YOUR GOAL:
From the line containing "Men's Solid Classic Polo" down to the line containing "Cobertor La Serra Quintas de Seia", copy out the entries below exactly, both lines included, and nothing else; pictures do not belong in the copy.

STUDY MATERIAL:
⟨
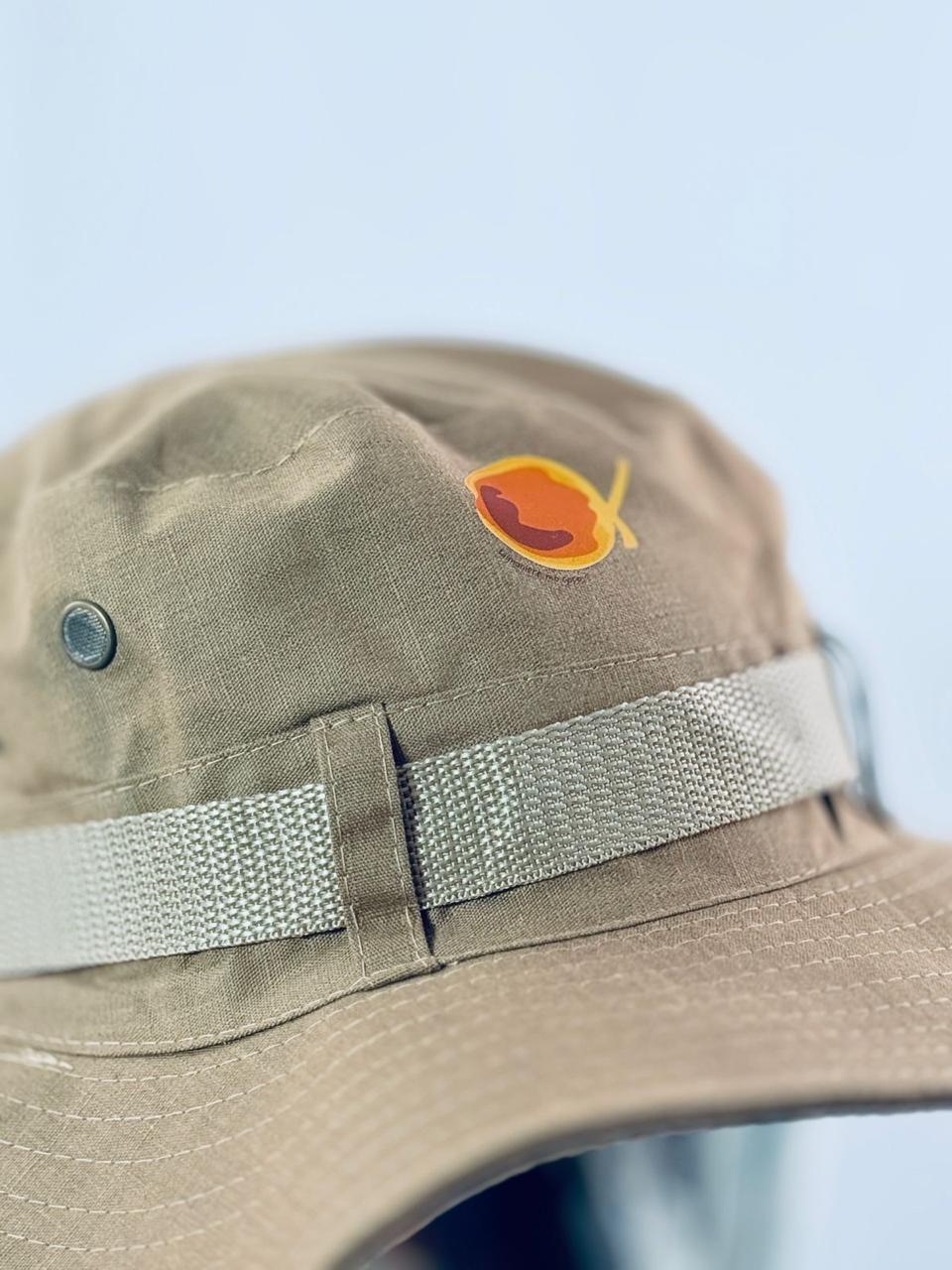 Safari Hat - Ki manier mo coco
⟩
⟨
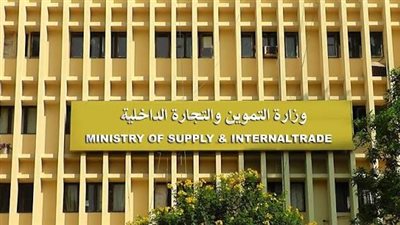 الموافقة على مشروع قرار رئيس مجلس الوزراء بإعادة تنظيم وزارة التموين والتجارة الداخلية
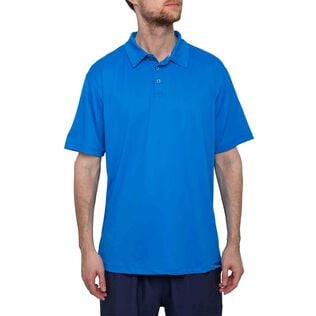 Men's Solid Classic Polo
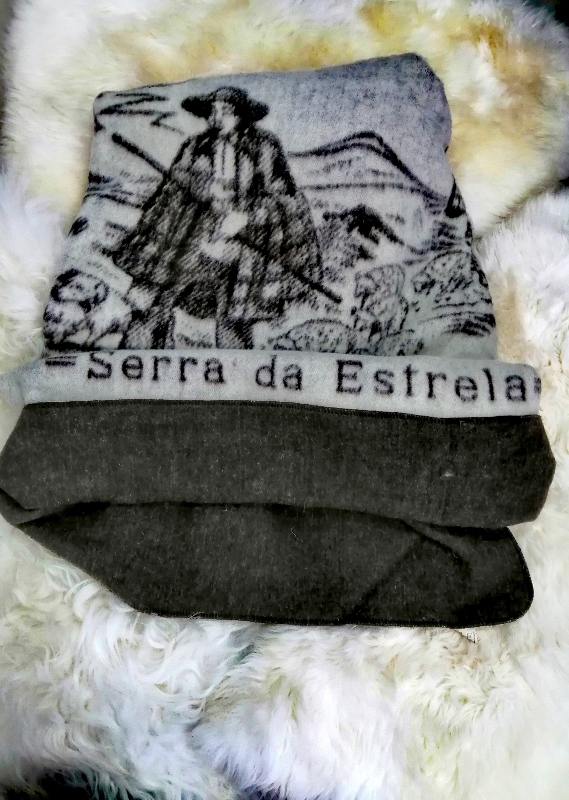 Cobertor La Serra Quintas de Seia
⟩
⟨
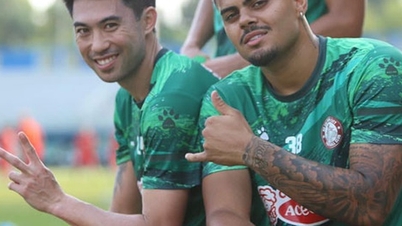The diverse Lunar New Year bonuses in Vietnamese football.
⟩
OUTPUT:
 Men's Solid Classic Polo
 Cobertor La Serra Quintas de Seia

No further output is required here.